** Opening Records for the task block **

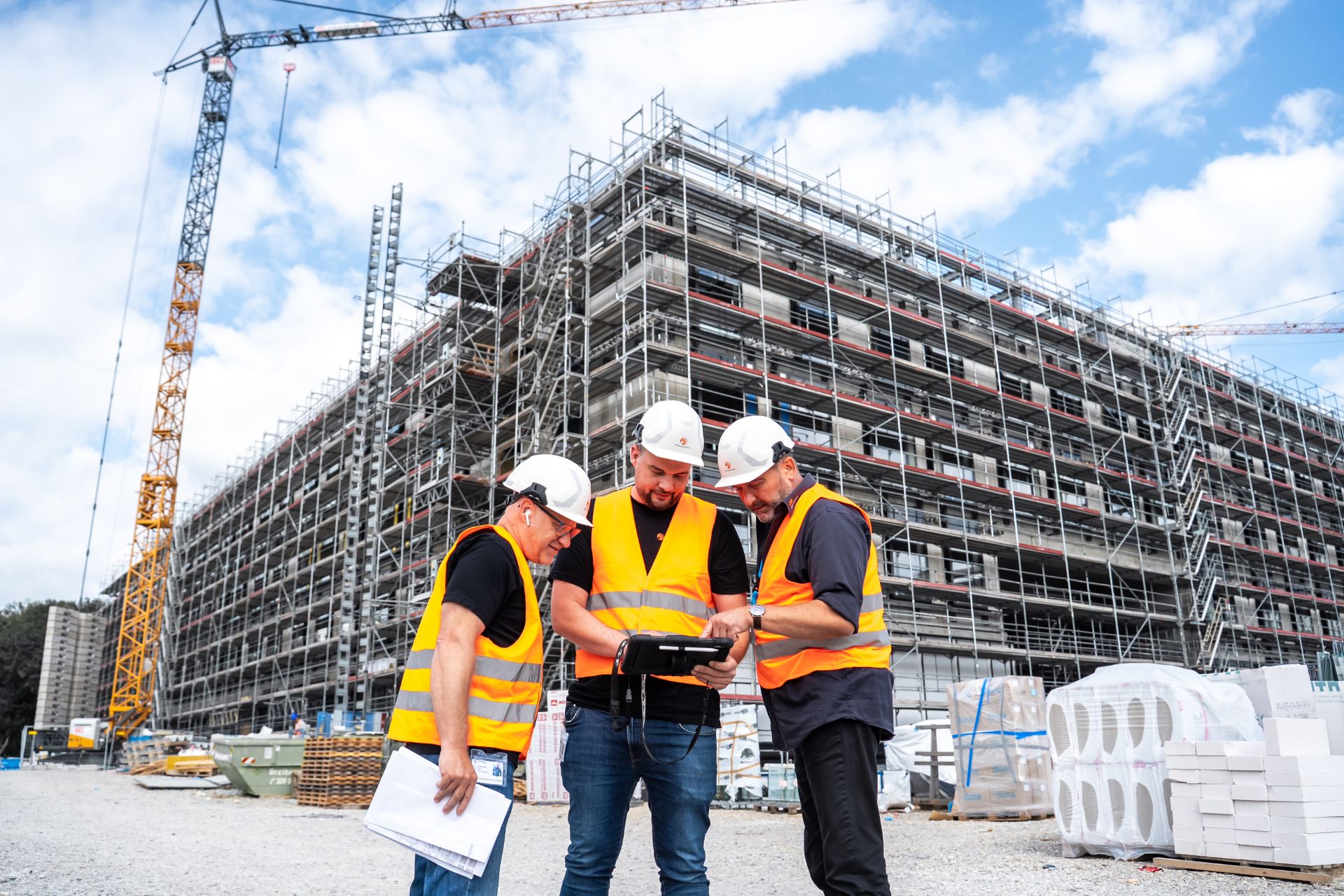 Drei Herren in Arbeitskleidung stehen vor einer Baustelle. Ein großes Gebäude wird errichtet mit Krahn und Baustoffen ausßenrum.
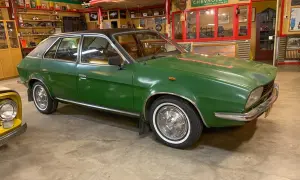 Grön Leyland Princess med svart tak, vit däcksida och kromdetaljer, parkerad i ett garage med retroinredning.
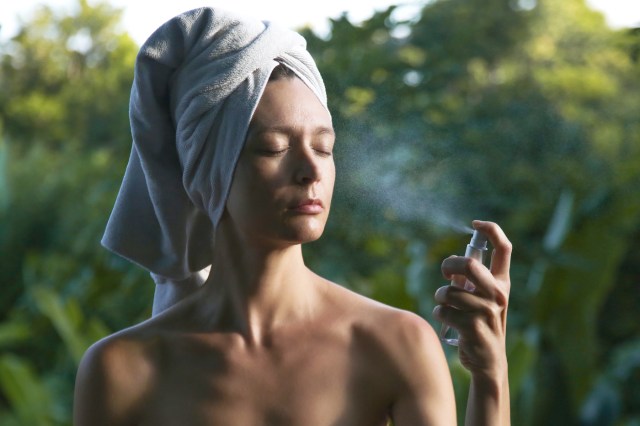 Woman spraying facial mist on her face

** Closing Records for the task block **
** Opening Records for the task block **

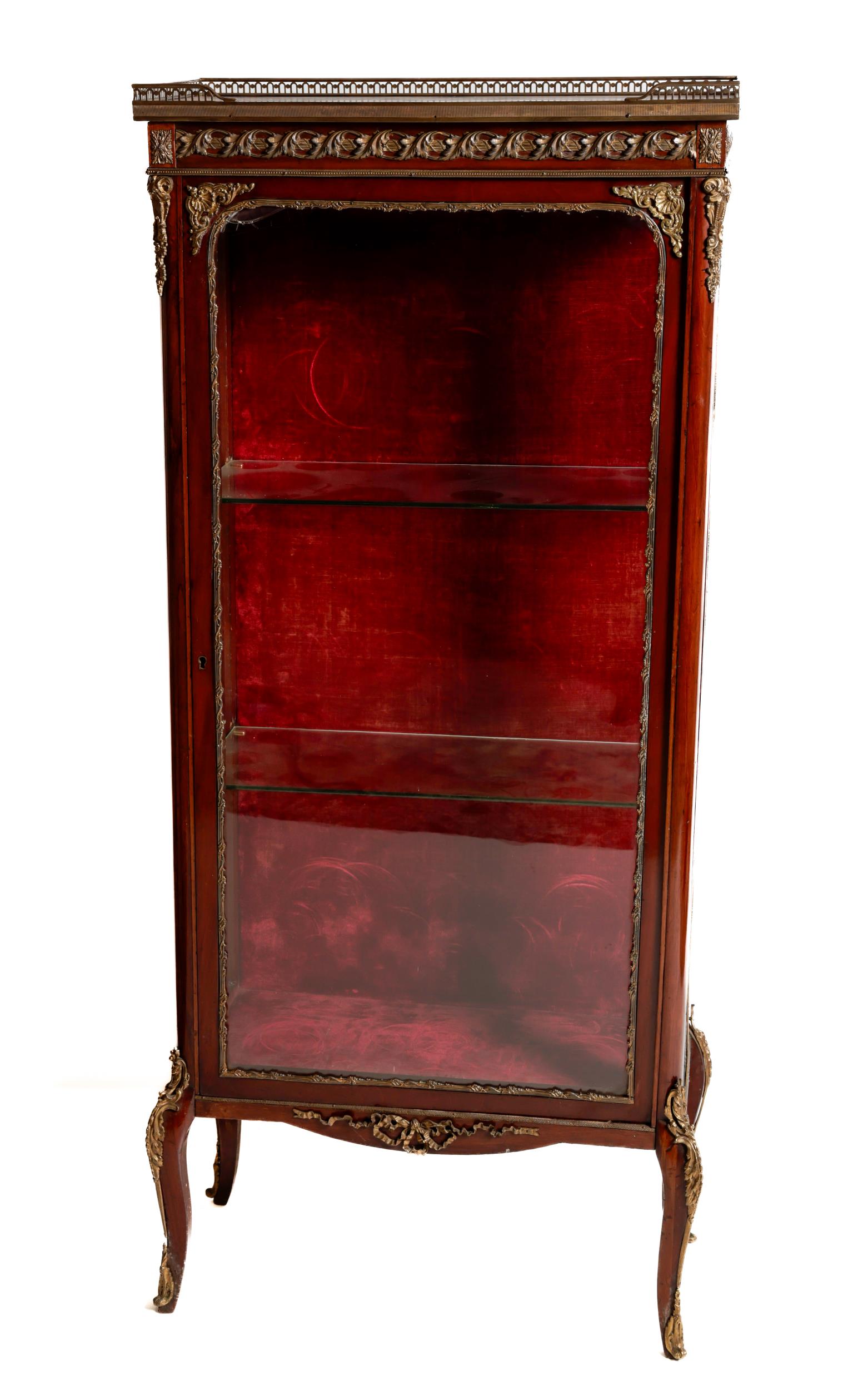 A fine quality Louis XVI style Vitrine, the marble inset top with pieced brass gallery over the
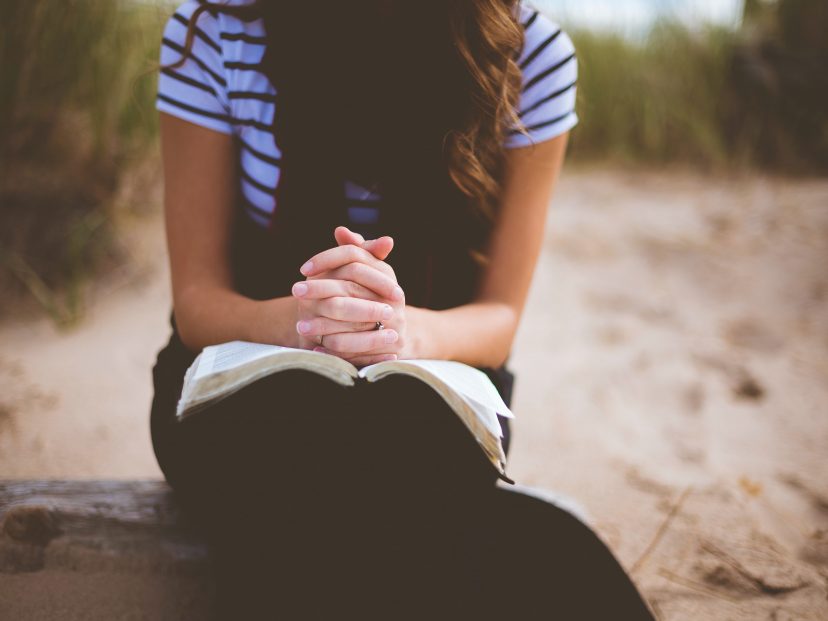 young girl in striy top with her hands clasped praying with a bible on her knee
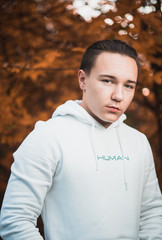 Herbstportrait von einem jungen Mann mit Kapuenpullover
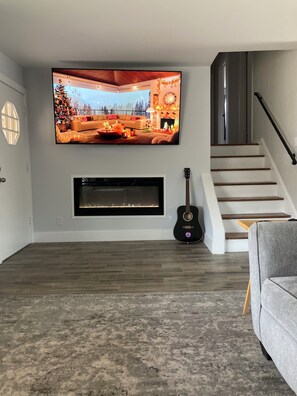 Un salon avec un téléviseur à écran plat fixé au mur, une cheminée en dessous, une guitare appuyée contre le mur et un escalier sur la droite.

** Closing Records for the task block **

▶ **What is required**
Repeat only the stretch of data above that runs from the line with "young girl in" to the line with "Un salon avec". Keep both end lines; exclude pictures.

▶ **Solution for this task**
 young girl in striy top with her hands clasped praying with a bible on her knee
 Herbstportrait von einem jungen Mann mit Kapuenpullover
 Un salon avec un téléviseur à écran plat fixé au mur, une cheminée en dessous, une guitare appuyée contre le mur et un escalier sur la droite.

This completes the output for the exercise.